Dataset entries
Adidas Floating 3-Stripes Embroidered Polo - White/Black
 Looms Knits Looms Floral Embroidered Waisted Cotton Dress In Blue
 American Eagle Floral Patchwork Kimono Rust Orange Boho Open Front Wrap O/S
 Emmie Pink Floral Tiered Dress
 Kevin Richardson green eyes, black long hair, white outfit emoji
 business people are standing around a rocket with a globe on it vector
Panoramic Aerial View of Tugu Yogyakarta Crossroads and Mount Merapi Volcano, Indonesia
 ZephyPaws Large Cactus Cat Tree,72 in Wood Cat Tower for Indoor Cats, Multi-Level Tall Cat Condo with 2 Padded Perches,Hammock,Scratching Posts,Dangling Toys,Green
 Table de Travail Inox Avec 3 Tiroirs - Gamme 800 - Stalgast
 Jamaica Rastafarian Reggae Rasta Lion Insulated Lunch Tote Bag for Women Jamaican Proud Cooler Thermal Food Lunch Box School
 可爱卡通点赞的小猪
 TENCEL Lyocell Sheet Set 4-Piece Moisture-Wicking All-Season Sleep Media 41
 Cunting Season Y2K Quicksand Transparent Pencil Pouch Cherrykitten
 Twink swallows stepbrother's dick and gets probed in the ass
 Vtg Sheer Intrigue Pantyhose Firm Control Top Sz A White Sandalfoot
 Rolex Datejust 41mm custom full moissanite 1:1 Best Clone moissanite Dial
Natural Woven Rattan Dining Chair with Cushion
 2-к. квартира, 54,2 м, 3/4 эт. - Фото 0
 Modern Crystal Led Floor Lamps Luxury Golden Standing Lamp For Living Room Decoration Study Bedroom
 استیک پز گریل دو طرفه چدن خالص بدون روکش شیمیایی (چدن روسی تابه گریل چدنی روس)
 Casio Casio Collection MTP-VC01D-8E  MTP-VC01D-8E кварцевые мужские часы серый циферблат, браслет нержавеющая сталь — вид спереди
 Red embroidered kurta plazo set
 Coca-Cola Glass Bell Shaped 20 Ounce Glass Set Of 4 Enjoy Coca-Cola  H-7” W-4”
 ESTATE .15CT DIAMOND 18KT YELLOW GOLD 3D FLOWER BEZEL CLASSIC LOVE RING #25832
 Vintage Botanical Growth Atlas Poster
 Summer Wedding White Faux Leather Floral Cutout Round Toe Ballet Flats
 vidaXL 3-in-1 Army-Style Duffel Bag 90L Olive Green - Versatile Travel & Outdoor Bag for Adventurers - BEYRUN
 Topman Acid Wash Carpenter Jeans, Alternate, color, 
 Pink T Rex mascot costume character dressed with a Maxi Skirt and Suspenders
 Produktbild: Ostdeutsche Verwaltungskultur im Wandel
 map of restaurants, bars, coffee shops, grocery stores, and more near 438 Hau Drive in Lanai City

■ PROMPT:
With "Floral" as the string to find, copy every line of the records that holds it.

■ TASK RESULT:
 Looms Knits Looms Floral Embroidered Waisted Cotton Dress In Blue
 American Eagle Floral Patchwork Kimono Rust Orange Boho Open Front Wrap O/S
 Emmie Pink Floral Tiered Dress
 Summer Wedding White Faux Leather Floral Cutout Round Toe Ballet Flats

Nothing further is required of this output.